Paris, le 23 septembre 2019. Portrait de Kevin Lambert, écrivain canadien. (Remy ARTIGES/Photo Rémy Artiges pour Libération)
publié le 31 octobre 2023 à 18h41

Il est le plus jeune lauréat à décrocher cette récompense convoitée en France pour sa forte dotation. Kevin Lambert, 31 ans, a remporté mardi le prix Décembre. Le Québecois est récompensé pour Que notre joie demeure (éditions du Nouvel Attila), une fiction sur la chute d’une architecte accusée de chasser les pauvres de Montréal.

Le prix a été créé en 1989 (sous le nom de prix Novembre) pour récompenser un roman oublié des autres prix littéraires d’automne. Mais, cette année, il vient avant les autres grands prix, comme le Femina, le Goncourt, le Renaudot et le Médicis. Il est doté de 15 000 euros, avec le soutien de la Fondation Pierre Bergé-Yves Saint Laurent.

La critique de Mathieu Lindon

Avec son roman, critique grinçante de la bonne conscience des dominants, publié au Canada en septembre 2022, Kevin Lambert a suscité l’enthousiasme de la critique en France. Et provoqué à sa sortie, une brève polémique dans les milieux littéraires, alimentée par son éditeur. Ce dernier avait révélé que Kévin Lambert avait eu recours aux services d’une relectrice canado-haïtienne pour vérifier à quel point un personnage d’origine haïtienne était crédible.

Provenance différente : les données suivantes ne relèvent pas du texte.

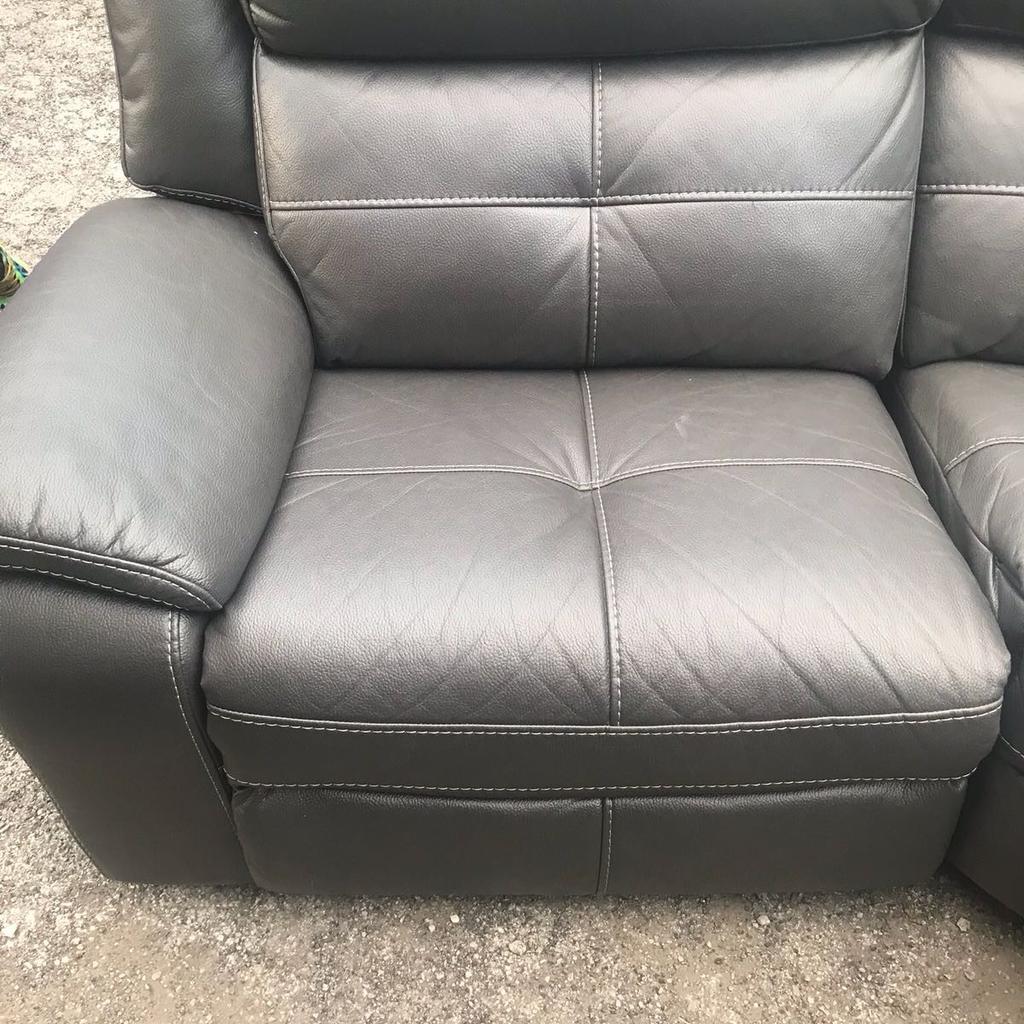 Harvey's Langdale Grey Leather Recliner Sofa in E1 Hamlets für 750,00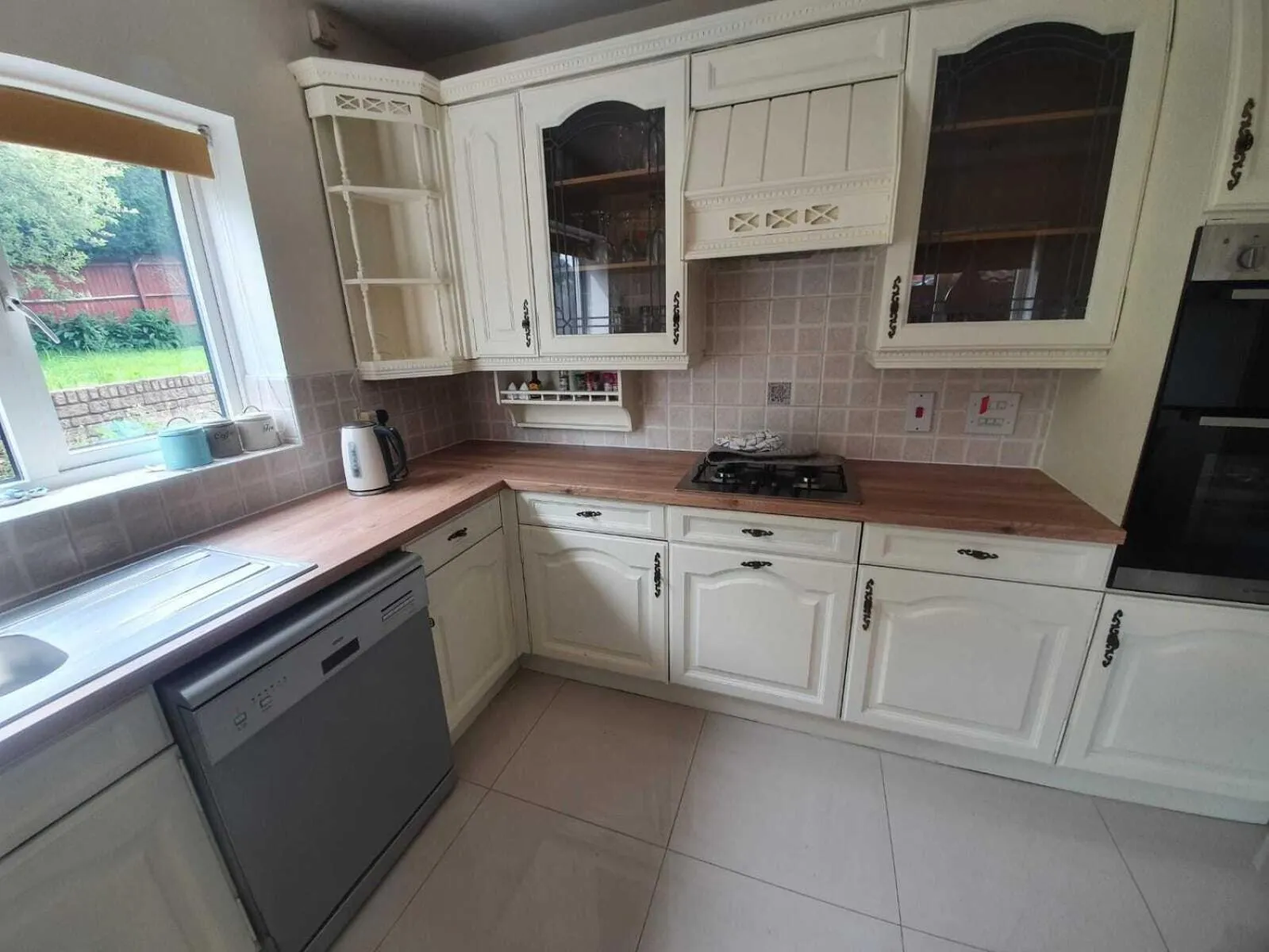 Kitchen or kitchenette in Drayton Manor House FREE parking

L’écrivain français Nicolas Mathieu avait ardemment dénoncé la pratique dans un post Instagram : «Faire de professionnels des sensibilités, d’experts des stéréotypes, de spécialistes de ce qui s’accepte et s’ose à un moment donné la boussole de notre travail, voilà qui nous laisse pour le moins circonspect. Qu’on s’en vante, voilà qui au mieux est amusant, à la vérité pitoyable. Qu’on discrédite d’un mot ceux qui pensent que la littérature n’a rien à faire avec ces douanes d’un nouveau genre, et sous-entendre qu’ils font le jeu des oppressions en cours, c’est tout bonnement une saloperie.»

«Amplifier mon personnage»

Interrogé par Télérama pour répondre à cette apostrophe, Kevin Lambert avait expliqué être «conscient qu’inventer des personnages qui ne nous ressemblent pas comporte une forme de risque.» «Je ne sais pas tout de leur expérience, je peux commettre des maladresses.» Et de détailler que dans son livre, «figure ainsi un personne d’origine haïtienne».

«On ne peut pas se mentir, explique-t-il alors. La fiction a charrié pendant des années de nombreux stéréotypes grossiers sur les personnages minoritaires, qu’ils soient homosexuels, féminins, juifs, non blancs… Or, je voulais qu’il y ait une forme de justesse dans ma manière de l’écrire.» Il fait alors appel à Chloé Savoie-Bernard, une poétesse d’origine québécoise et haïtienne, «qui n’utilise pas l’expression de «lecture sensible»». «Le point de vue de Chloé m’a permis d’amplifier mon personnage, de l’enrichir, d’explorer des zones que je ne m’autorisais pas moi-même à explorer. C’est presque l’inverse d’une censure.»

Si l’intervention d’un «sensitive reader» est courante en Amérique du Nord, elle l’est beaucoup moins en France.. Kevin Lambert, qui figurait dans la première sélection du prix Goncourt, fait partie des 8 finalistes du prestigieux prix Médicis du roman francophone. Il sera décerné le 9 novembre.